The required answer is an exact copy of the lines from the one containing "Tablou din licheni naturali si stabilizati" to the end of the listing, both included, without any pictures.

## [Provided data]
----------
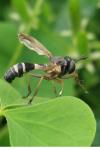 Physocephala rufipes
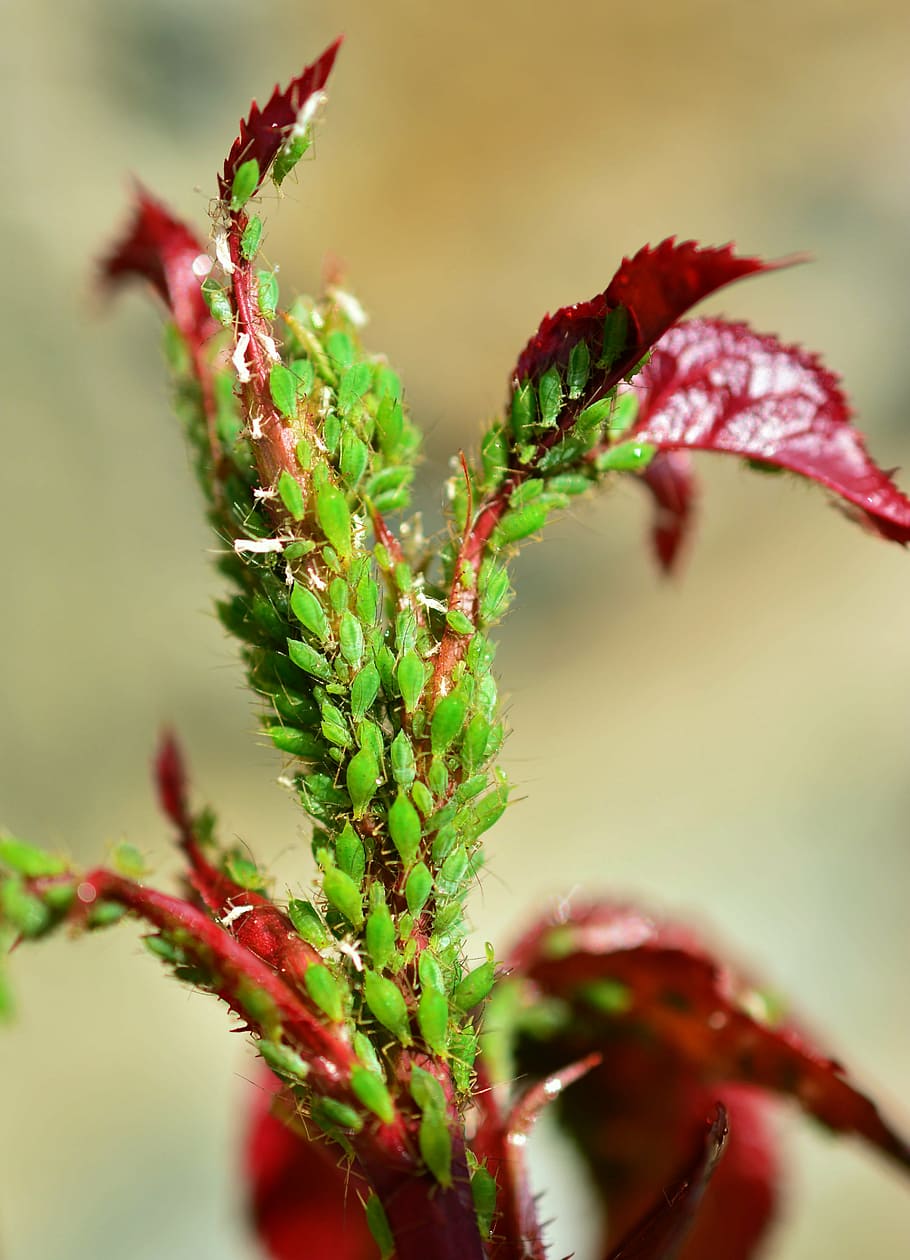 aphids, green aphid, aphid infestation, pests, vermin, lice infestation HD wallpaper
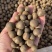 茶籽，茶种，茶叶种子，茶果，茶子，种植绿茶喝信阳毛尖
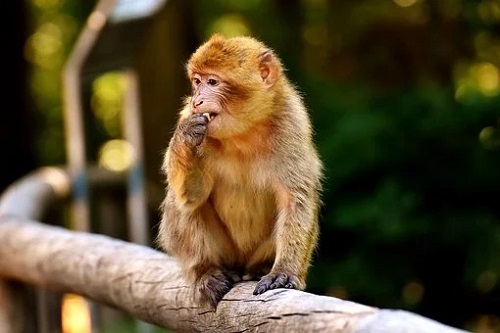 属猴的男人对待感情是什么样的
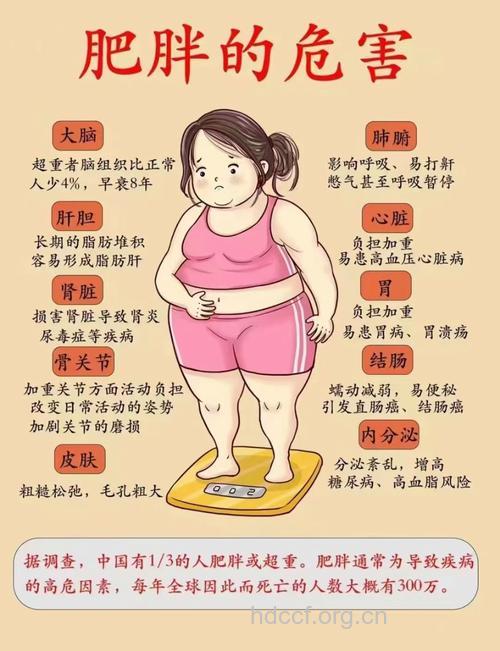 肥胖对夫妻双方有哪些影响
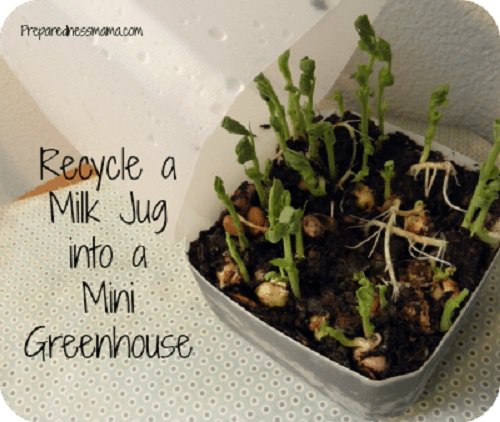 DIY Mini Milk Jug Greenhouse
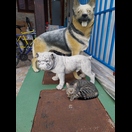 Keinen Respekt vor Hunden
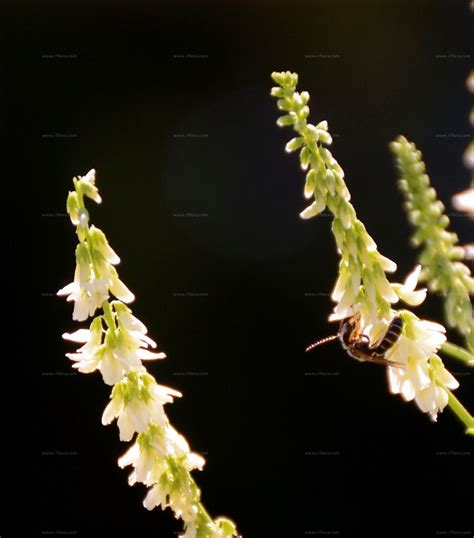 Species - White Melilot (Melilotus albus Medik.)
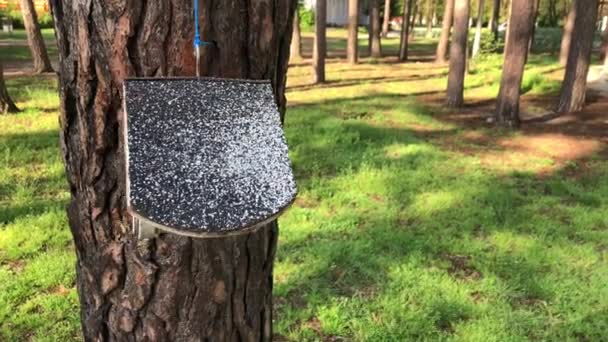 Birdhouse Sur Arbre Dans Parc Mangeoire Oiseaux Accrochée Arbre — Video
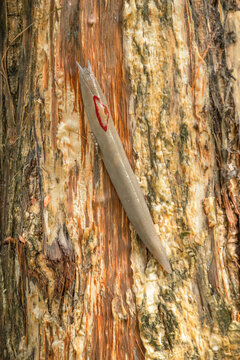 The red triangle slug or Triboniophorus graeffei, is a species of air-breathing land slug, a terrestrial pulmonate gastropod molluscs in the family Athoracophoridae.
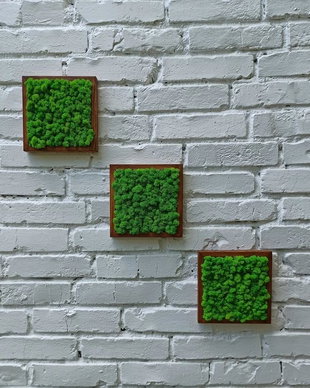 Tablou din licheni naturali si stabilizati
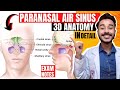 Paranasal air sinuses anatomy | Paranasal sinuses anatomy | maxillary sinus anatomy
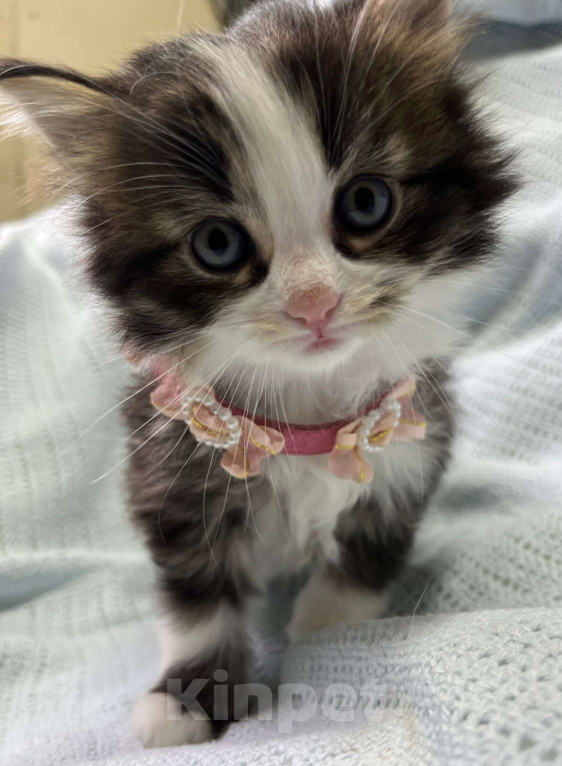 Кошки в Ногинске: Котенок девочка в добрые руки Девочка, Бесплатно - фото 3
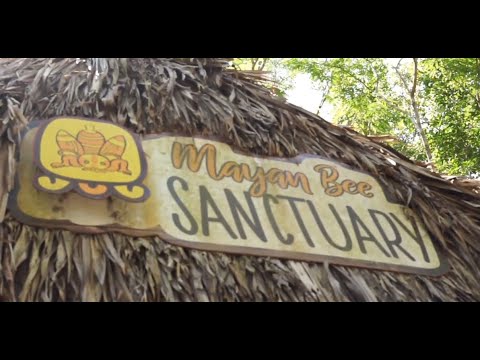 Mayan Bee Sanctuary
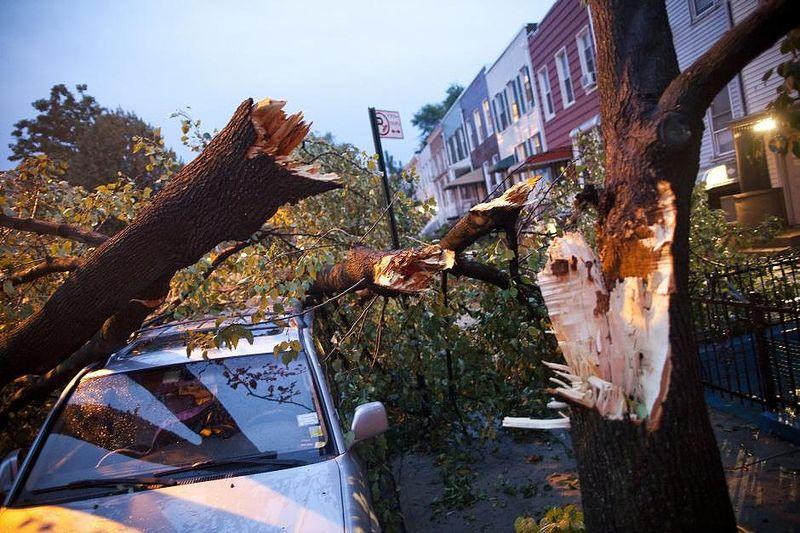 Photos of recent NYC tornado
----------
## [Response for this exercise]
 Tablou din licheni naturali si stabilizati
 Paranasal air sinuses anatomy | Paranasal sinuses anatomy | maxillary sinus anatomy
 Кошки в Ногинске: Котенок девочка в добрые руки Девочка, Бесплатно - фото 3
 Mayan Bee Sanctuary
 Photos of recent NYC tornado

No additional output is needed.